Work required:
Copy the lines below exactly, starting at the one with "一代杂交冬春新品青梗菜种子耐寒抗病晚抽臺丰产无纤维品质优" and ending at the one with "Prairie Creek Redwoods State Park", and leave out any picture.

Task inputs:
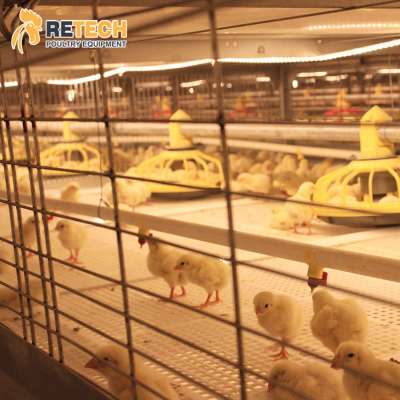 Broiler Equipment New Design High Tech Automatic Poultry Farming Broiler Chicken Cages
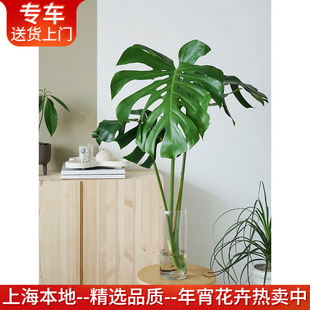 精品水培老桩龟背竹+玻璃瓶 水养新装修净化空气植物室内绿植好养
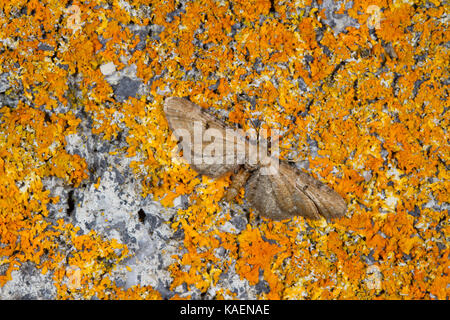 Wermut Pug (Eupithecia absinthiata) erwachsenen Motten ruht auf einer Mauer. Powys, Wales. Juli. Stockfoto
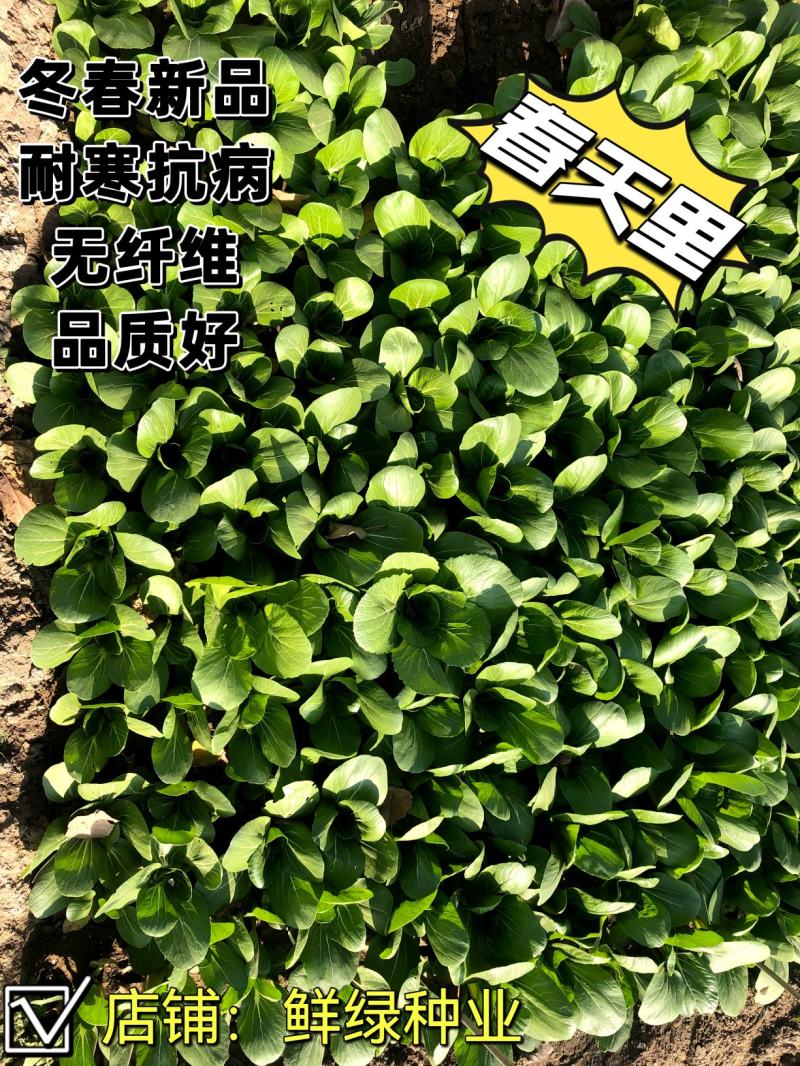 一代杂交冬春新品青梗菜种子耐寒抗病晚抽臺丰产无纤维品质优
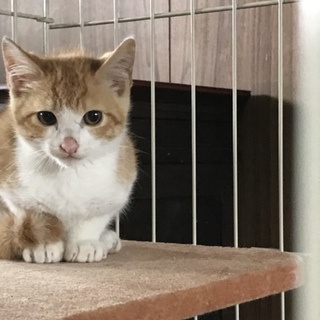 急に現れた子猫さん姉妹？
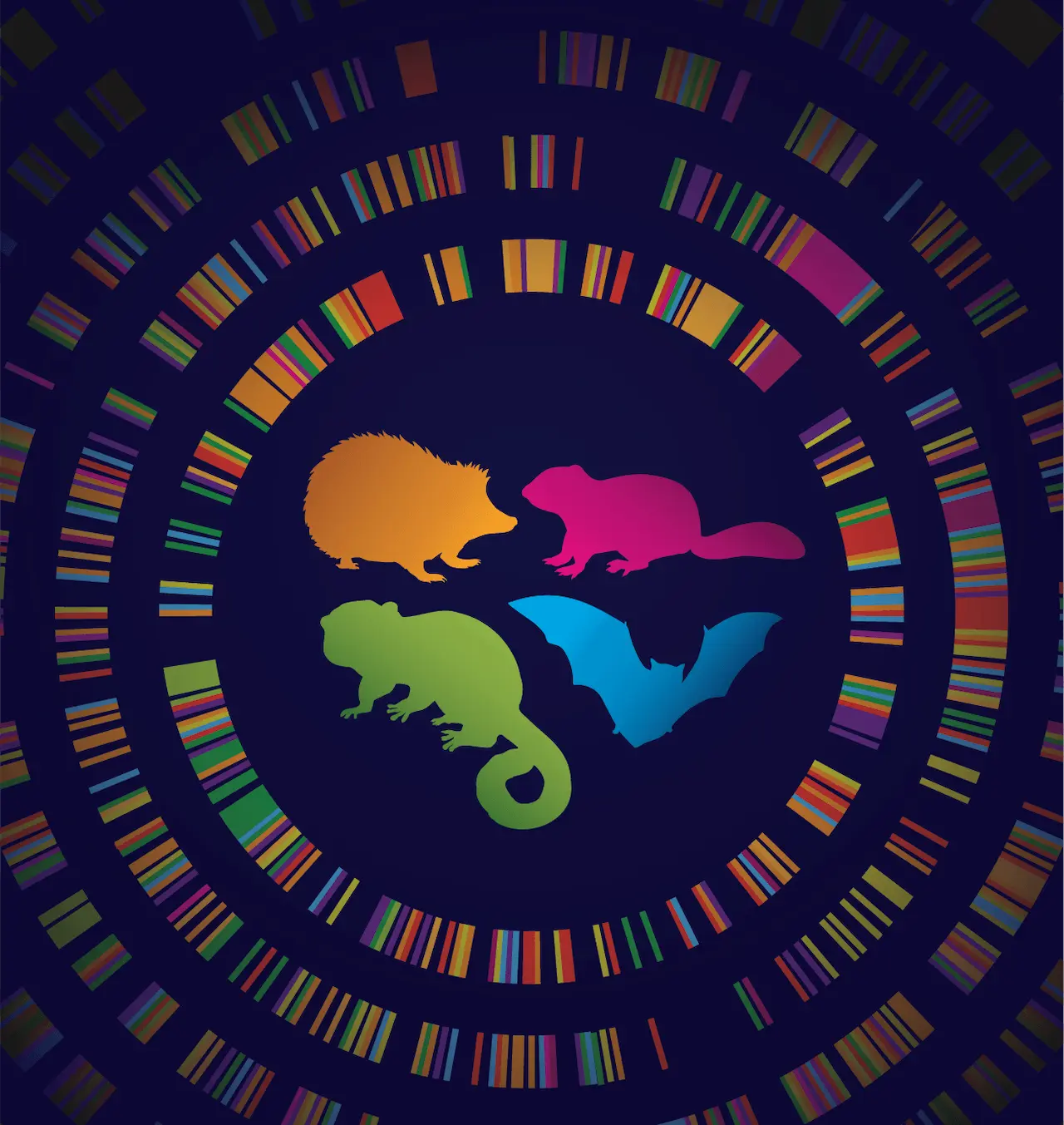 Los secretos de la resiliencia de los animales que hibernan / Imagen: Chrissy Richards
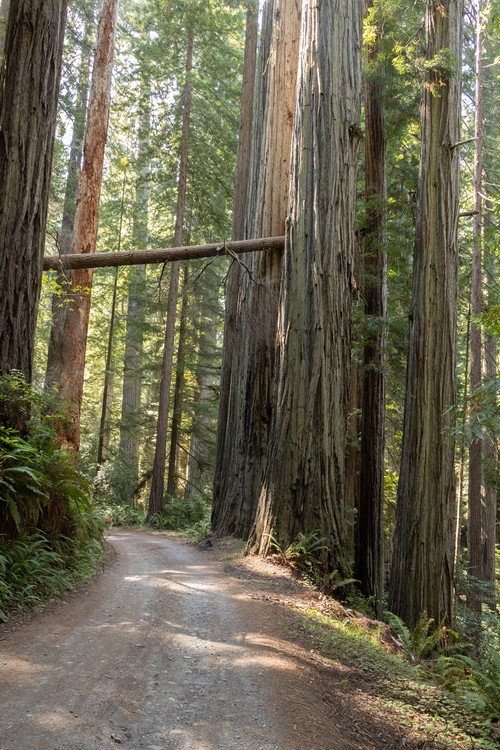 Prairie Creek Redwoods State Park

...

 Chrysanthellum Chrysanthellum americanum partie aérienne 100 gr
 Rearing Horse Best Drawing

...

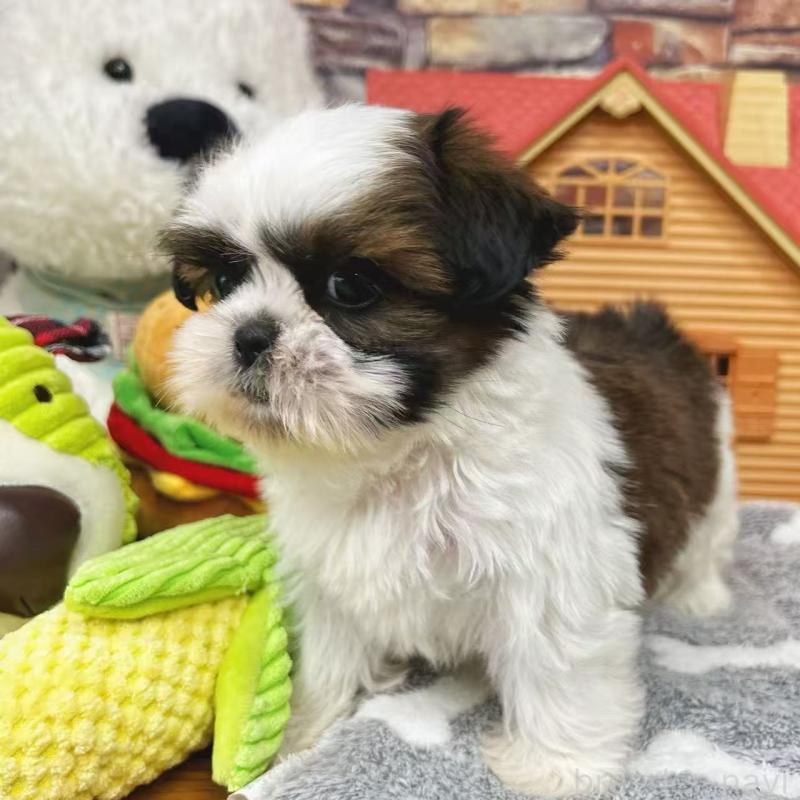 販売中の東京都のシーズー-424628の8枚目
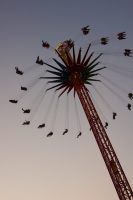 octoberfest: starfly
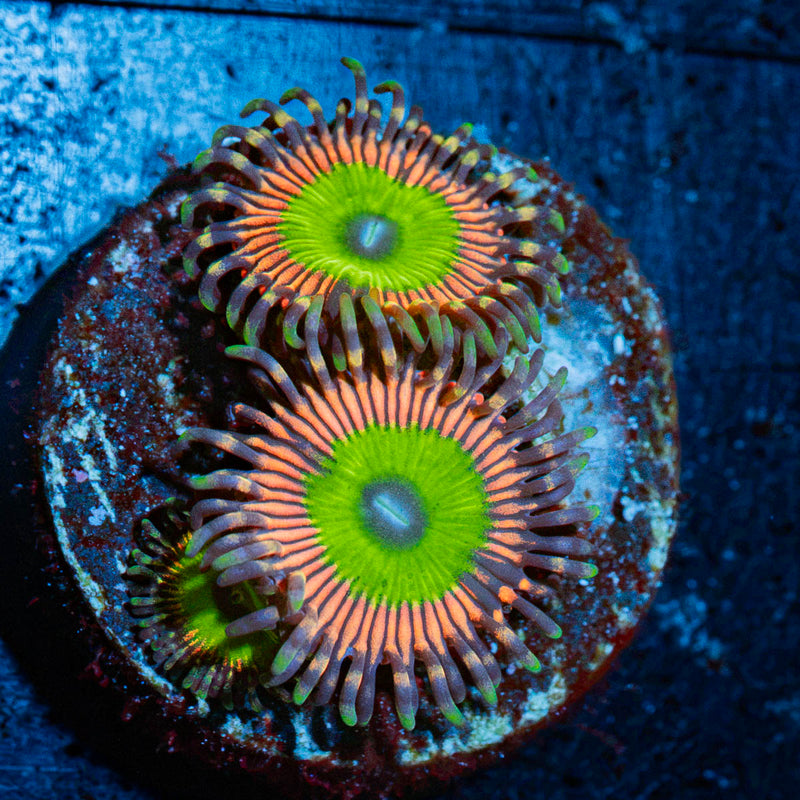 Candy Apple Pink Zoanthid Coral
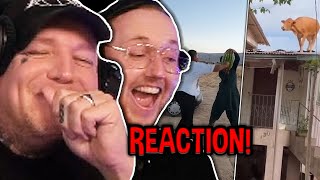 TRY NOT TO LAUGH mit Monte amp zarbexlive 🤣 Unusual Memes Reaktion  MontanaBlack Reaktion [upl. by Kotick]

Answer to the exercise:
 一代杂交冬春新品青梗菜种子耐寒抗病晚抽臺丰产无纤维品质优
 急に現れた子猫さん姉妹？
 Los secretos de la resiliencia de los animales que hibernan / Imagen: Chrissy Richards
 Prairie Creek Redwoods State Park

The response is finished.